Bitfield Consulting

View Original

What “uptime” even means anymore

"What is uptime?" sounds like a silly question. Isn't it obvious? Either your website or service is up, or it's not.

The reality isn't so clear-cut, according to Uptime.com's resident SRE expert, John Arundel of Bitfield Consulting. In his book Cloud Native DevOps with Kubernetes, he observes:

We’re used to measuring the resilience and availability of our applications in uptime, usually measured as a percentage. For example, an application with 99% uptime was unavailable for no more than 1% of the relevant time period. 99.9% uptime, referred to as 'three nines', translates to about nine hours downtime a year. The more nines, the better, you might think. But this misses an important point: Nines don't matter if users aren't happy.

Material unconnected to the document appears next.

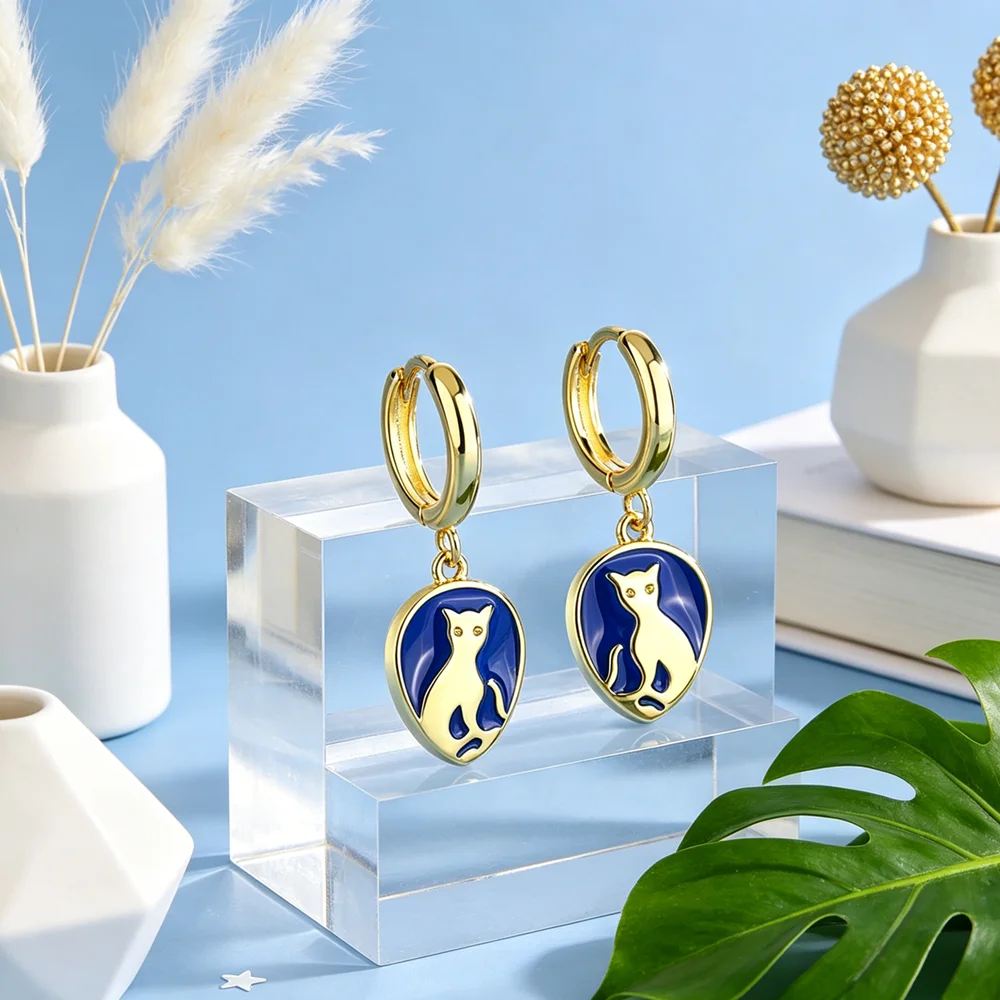 Korean Style Genuine 925 Sterling Silver Blue Enamel Simple Temperament Cute Cat Hoop Earrings Female Ear Buckle Jewelry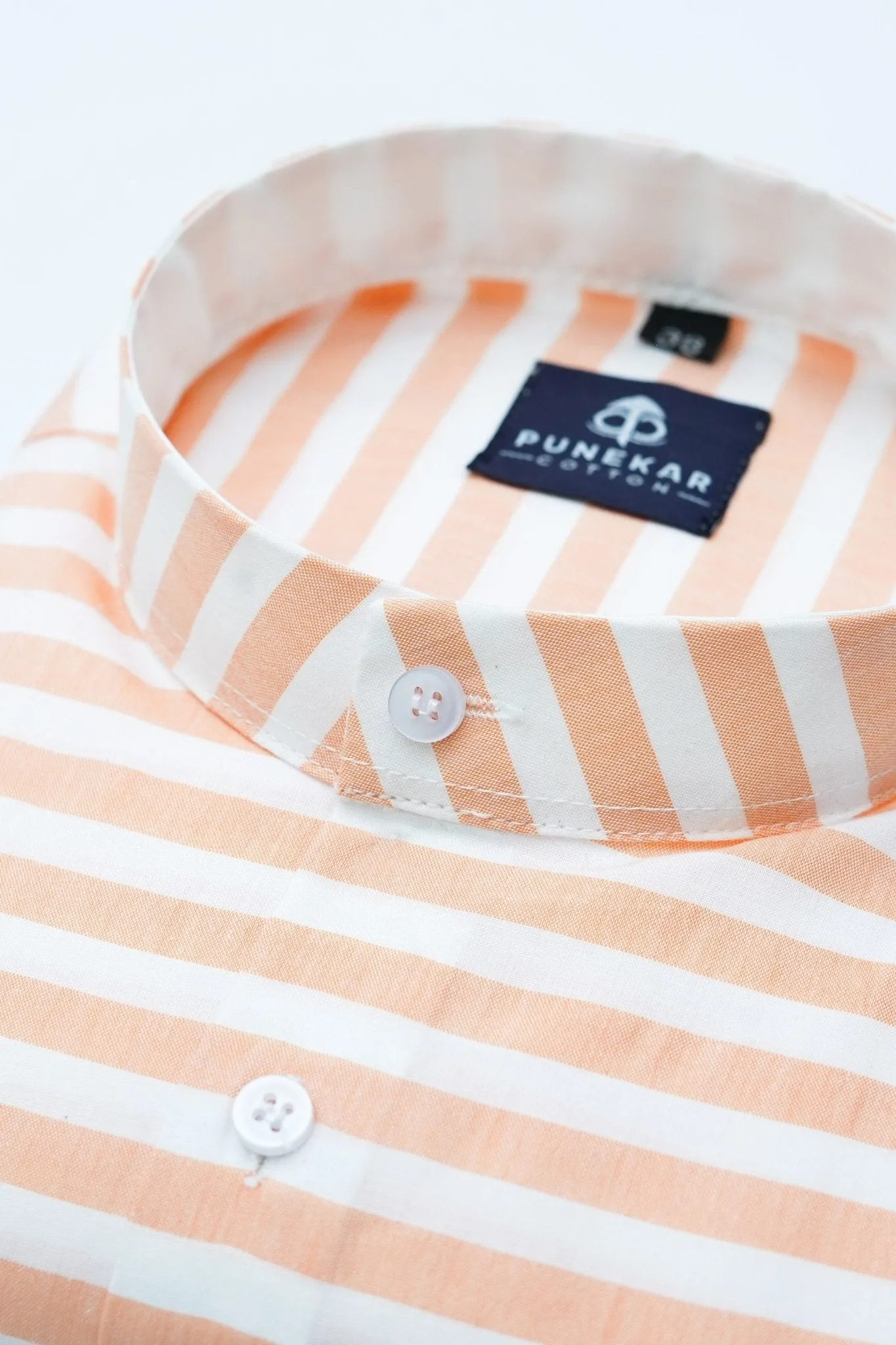 Peach Orange Color Stand Collar Strips Shirts For Men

If your site is flat-out unavailable (it never loads, or you get a browser error), that's clearly a downtime situation, Arundel points out. But there are many ways a service can be making users unhappy, even if it's nominally 'up'.

Your site could be slow to load, driving impatient users to your competitors. Or the homepage might be speedy, but it takes users 20 seconds to log in (Amazon, we're looking at you). Searches might not be returning any results. Items might appear and disappear from users' shopping carts. Payments might not go through properly, or, worse, customers might be charged twice.

You get the point. 'Up' means happy users, not numbers in a spreadsheet. But what gets measured gets maximized, so you better be careful what you measure. If you're focused on traditional 'site uptime' numbers, you could be missing serious problems that are making customers angry. Best case, they'll call you out on social media. Worst case, they'll silently leave and never come back.

The answer, according to Arundel, is to 'uptime' your monitoring game. "More sophisticated ways of instrumenting your site, such as synthetic monitoring and RUM (Real User Monitoring), get you closer to measuring customer happiness. Synthetic monitoring checks simulate what customers really do on your site: logging in, searching for products, reading reviews, adding items to the cart, even making payments. By contrast, RUM metrics show you what real customers are doing on your site right now, and what kind of experience they're having."

Distributed systems such as cloud native applications are never one hundred percent 'up'; they always exist in a state of partially degraded service. The cloud is dark and full of terrors; to navigate it successfully, Arundel recommends you find out what makes your customers happy, and use modern, user-centric monitoring tools to make sure you keep them that way.